Il existe un grand nombre de gène nod, codant pour un grand nombre de facteur Nod. On peut distinguer deux grands groupes de gènes nod. Le premier contenant les gènes nod dit commun (structure et fonction commune), à savoir nodA, nodB, et nodC, présents en copie unique, responsable de la biosynthèse d’un facteur Nod « minimal », communs à toutes les souches de rhizobiums, alors que le gène nodD code pour une protéine à domaine LysR intervenant dans la transcription et la régulation des autres gènes de nodulation en réponse aux flavonoïdes excrétés par la plante. Dans le second groupe, on trouvera des gènes nod, nol ou noe impliqués dans la spécificité d’hôte, intervenant principalement au niveau de la synthèse (type de substitution ajouté) ou de la sécrétion des facteurs de nodulation (Moulin 2002)

La réponse de la plante aux facteurs Nod

Les facteurs Nod constituent un deuxième niveau de reconnaissance de la symbiose. En effet, les Légumineuses se distinguent des autres plantes par leur réactivité en présence de faible concentration de facteurs Nod sécrétés par leurs symbiotes bactériens. Ces facteurs Nod vont induire spécifiquement l’initiation du méristème nodulaire, la courbure du poil abordant, la formation du cordon d’infection et la néosynthèse de flavonoïdes. Le primordium nodulaire en formation au niveau du cortex, sera atteint par un cordon d’infection permettant aux bactéries d’être acheminées dans les cellules végétales par un processus d’endocytose. Le primordium nodulaire se développe en nodule, pendant que les bactéries vont se différencier en bactéroïdes, isolées du cytoplasme végétal par une membrane péribactéroïde (Perret et al. 2000) (Figure 5).

Même si la combinaison flavonoïdes/ protéines NodD/facteurs Nod permet d’expliquer la spécificité d’hôte, la mise en place de la symbiose dans son intégralité, nécessite l’intervention d’autres constituants aussi bien chez la plante, que chez la bactérie. Il est par exemple nécessaire pour la bactérie de neutraliser le système de défense de l’hôte.
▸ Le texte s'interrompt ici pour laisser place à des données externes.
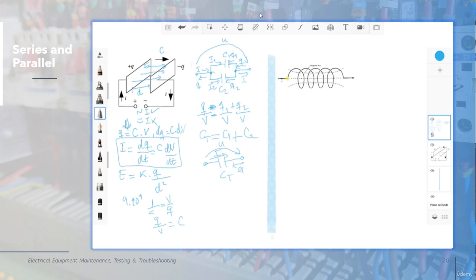Now let's see how the inductor works when you apply voltage. With the same concept as the capacitor, the inductor does not work in DC. If you place an inductor in direct current, it acts as a short circuit — the same as connecting a conductor directly — because you will have no voltage drop. So never connect an inductor to a DC source; it will get shorted.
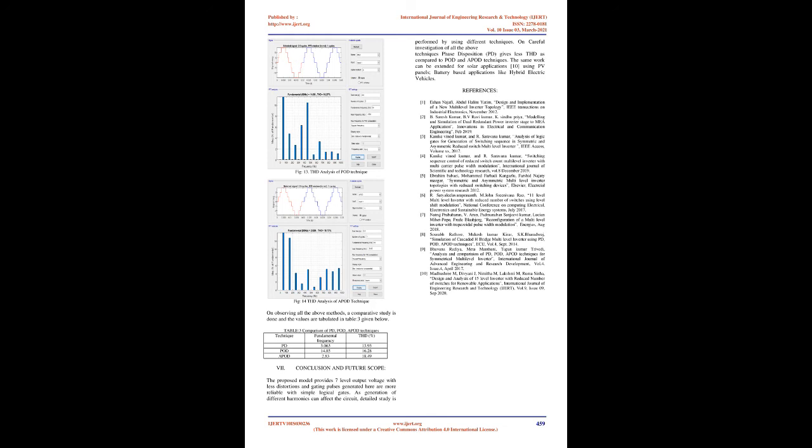Conclusion and future scope: The proposed model provides 7-level output voltage with less distortions and gating pulses generated here are more reliable with simple logical gates. As generation of different harmonics can affect the circuit, detailed study is performed by using different techniques. On careful investigation of all the above techniques, Phase Disposition (PD) gives less THD as compared to POD and APOD techniques. The same work can be extended for solar applications using PV panels, battery-based applications like hybrid electric vehicles.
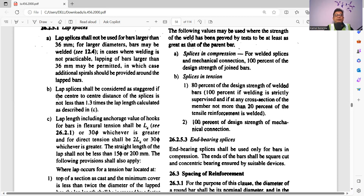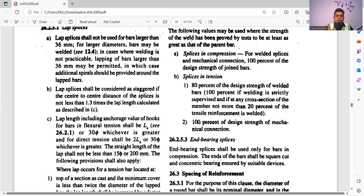Lap splices shall be considered staggered if the center-to-center distance of the splices is not less than 1.3 times the lap length. In structural drawings, it is typically mentioned as 50D in tension or 47D in compression, but for general understanding we use 50D. Note that development length and lap length are separate — if you want to know how to calculate development length as per IS 456, check the link in the description. So the splices should be staggered with a center-to-center distance of 1.3 times the lap length — for example, if the lap length is 1 meter (50D for 20mm bar), the center-to-center distance of the lap would be 1.3 meters.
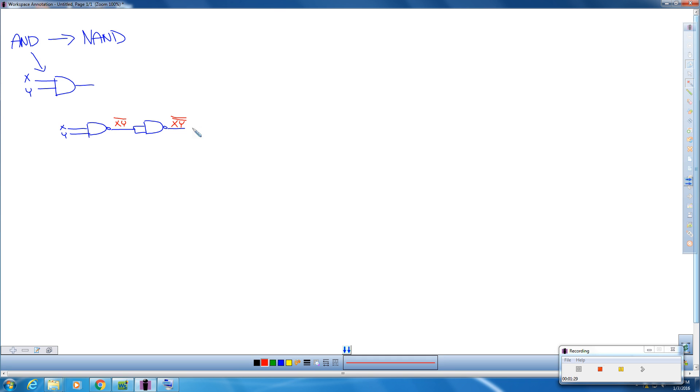What does that mean? Remember using DeMorgan's, when we have a double bar, this actually cancels and becomes X and Y.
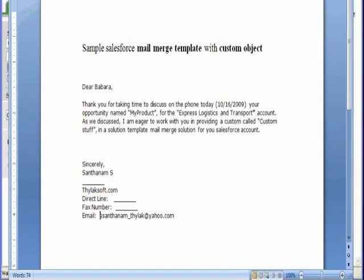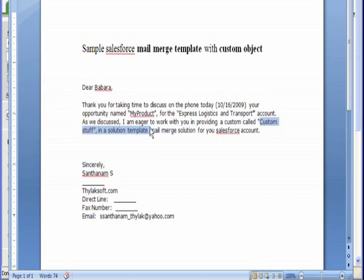Mail Merge templates can be used to create nearly any type of Word document, including mailing labels, envelopes, invoices, estimates, and so on.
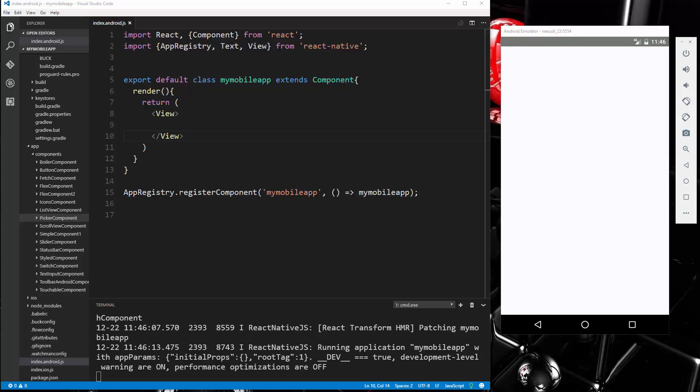Alright guys, in this video we're going to take a look at the Navigator, which is used for routing and for changing pages. There's a lot of different ways you can use it. What we're going to do is use it to navigate from one component to another.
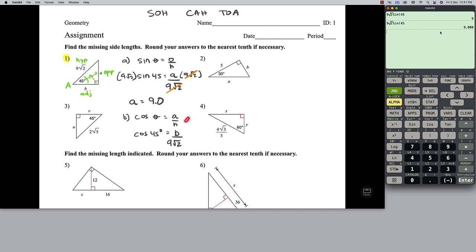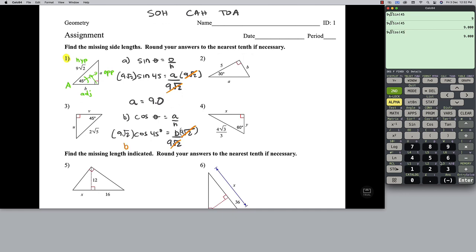We've got the exact same setup as before except we're using cosine. So I multiply each side by 9 root 2 — that cancels on the right side isolating B. Punching that into the calculator: 9 root 2 times cos of 45, and we get 9 again. So side B is equal to 9. On the test, if you circle or put a square around your answers it makes it a lot easier to follow your work. Question number one done.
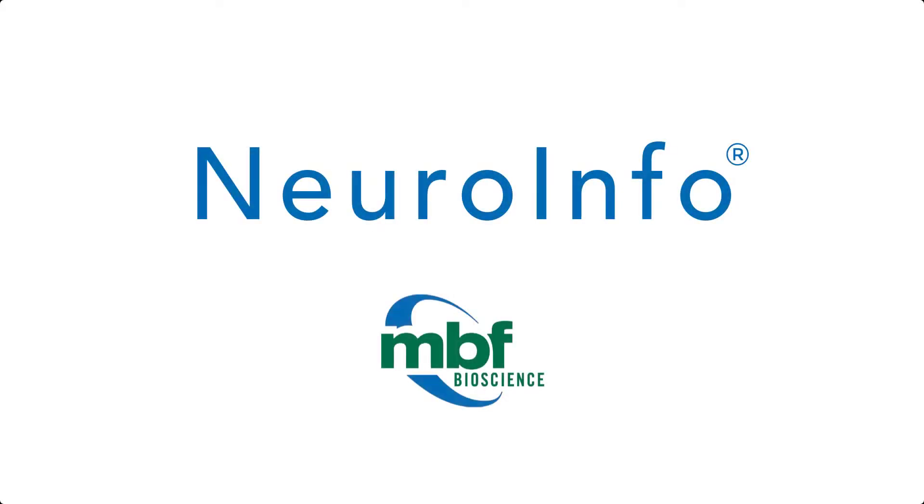Scientists around the world trust Neuroinfo to assist them in their research studies. Try it free today!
De même, l’initiation et l’élongation du cordon d’infection réclament des constituants spécifiques de la membrane cellulaire bactérienne (Broughton & Perret 1999).

Figure 5. : Invasion des poils racinaires et infection par un rhizobium. (Perret et al. 2000)

A : Les rhizobiums (rh) colonisent la rhizosphère et s’attachent aux poils racinaires (r). B : Les facteurs Nod induisent la courbure du poil racinaire et permettent ainsi la pénétration des bactéries au niveau du centre d’infection (ci). Le noyau de la cellule végétale (n) précède l’avancée du cordon d’infection (it). C : Toujours accompagné du noyau (n), un cordon d’infection (it) atteint la base de la cellule du poil racinaire. D : Le cordon d’infection se ramifie (rit) à proximité du primordium nodulaire formé par les cellules corticales en division. E : Les bactéroïdes (b) sont relargués depuis le cordon d’infection et forment des symbiosomes (s) dans les cellules du nodule. Des granules de poly-ß-hydroxybutarate (phb) s’accumulent dans les bactéroïdes entourés de la membrane péribactéroïdienne (pb). Autres abréviations c : cortex ; d : vacuole digestive ; ep : épiderme ; ed : endoderme.